> EXERCISE DIRECTIONS
Below are the records; copy exactly the lines from the first through the one containing "Dusen Dusen-花紋", both included, and leave out the pictures.

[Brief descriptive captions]

# # # # #

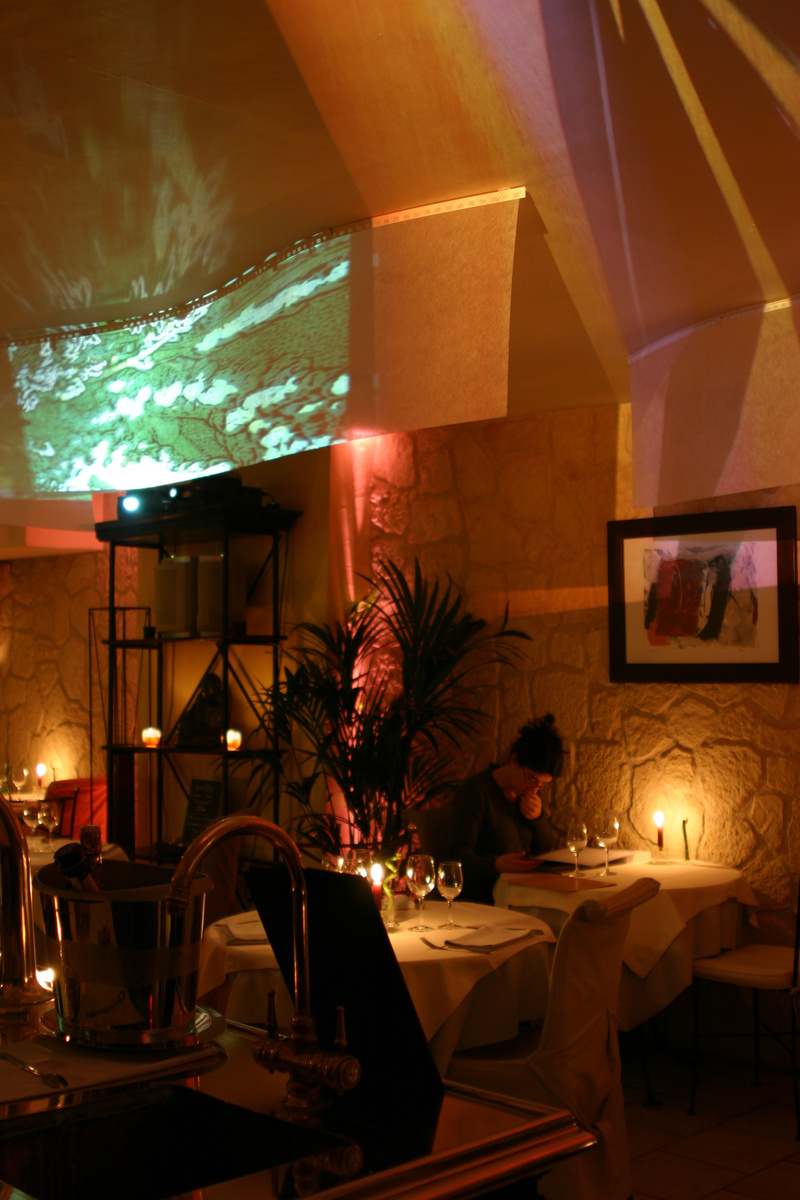 VO bar/club ephemeral installation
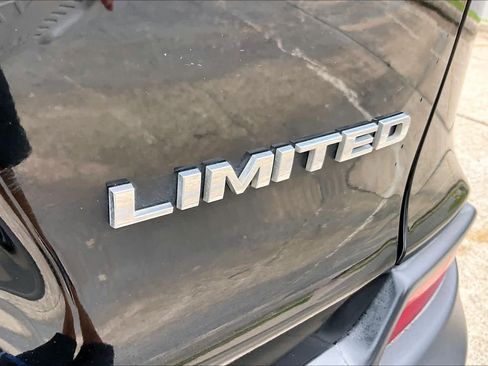 Used 2020 Jeep Cherokee Limited w/ Technology Group FWD image 10
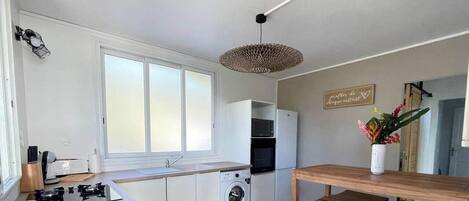 Kjøleskap, mikrobølgeovn, ovn og kokeplater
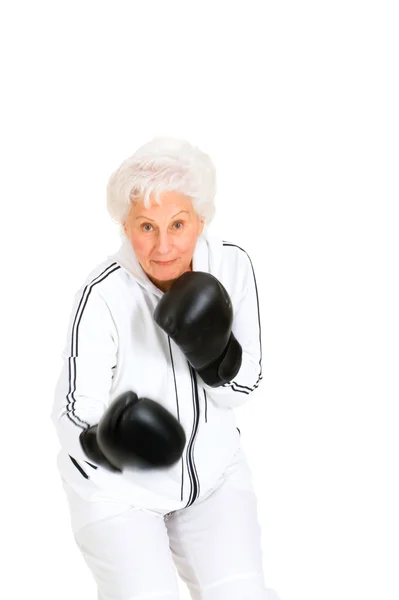 Femme âgée avec gants de boxe — Photo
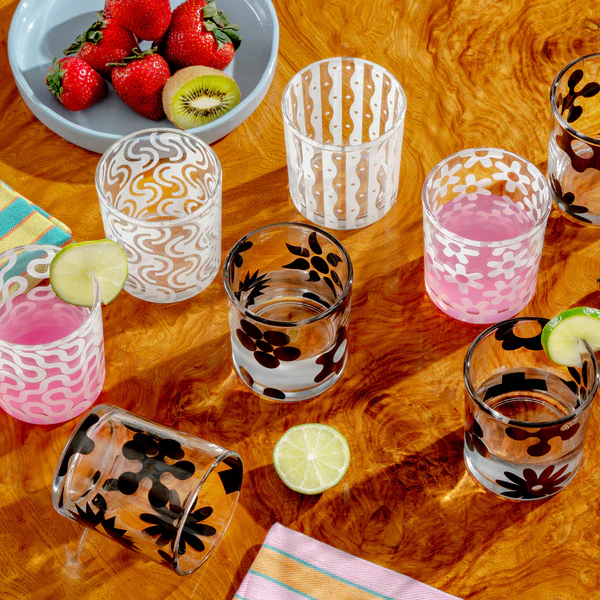 Dusen Dusen-花紋玻璃杯，將這些色彩繽紛的設計印製在日常使用的玻璃杯上，定能讓您心情愉悅。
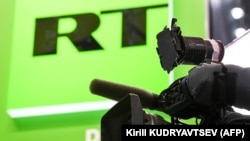 Restrikvitne mere protiv ovih, ukupno, pet medija pod ruskom kontrolom će stupiti na snagu 1. oktobra 2023. godine.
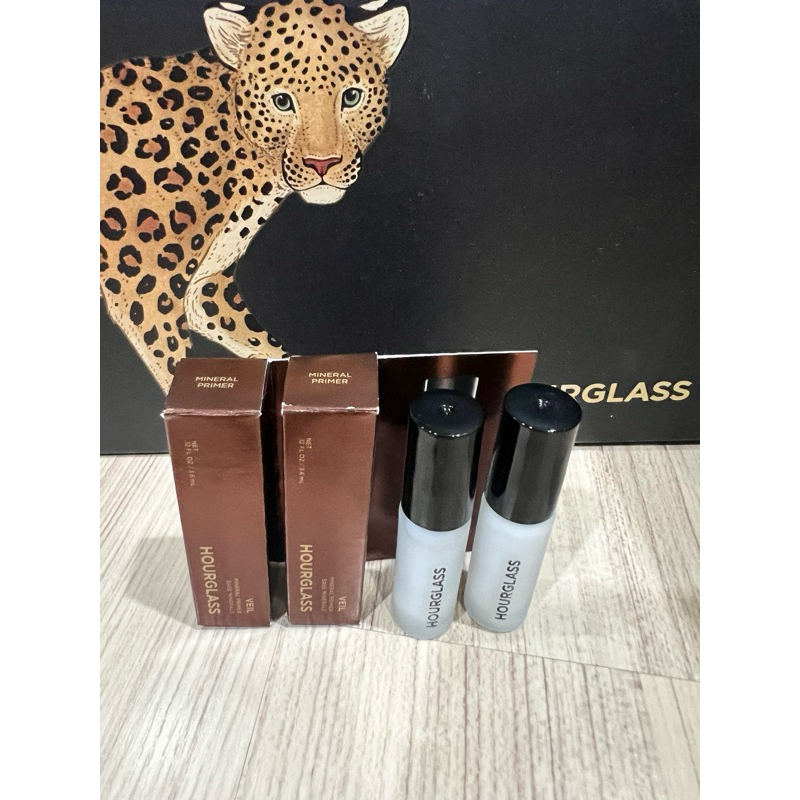 Hourglass Veil mineral primer มีหลายสูตร คะกดเลือกได้คะ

# # # # #

> ANSWER SECTION
 VO bar/club ephemeral installation
 Used 2020 Jeep Cherokee Limited w/ Technology Group FWD image 10
 Kjøleskap, mikrobølgeovn, ovn og kokeplater
 Femme âgée avec gants de boxe — Photo
 Dusen Dusen-花紋玻璃杯，將這些色彩繽紛的設計印製在日常使用的玻璃杯上，定能讓您心情愉悅。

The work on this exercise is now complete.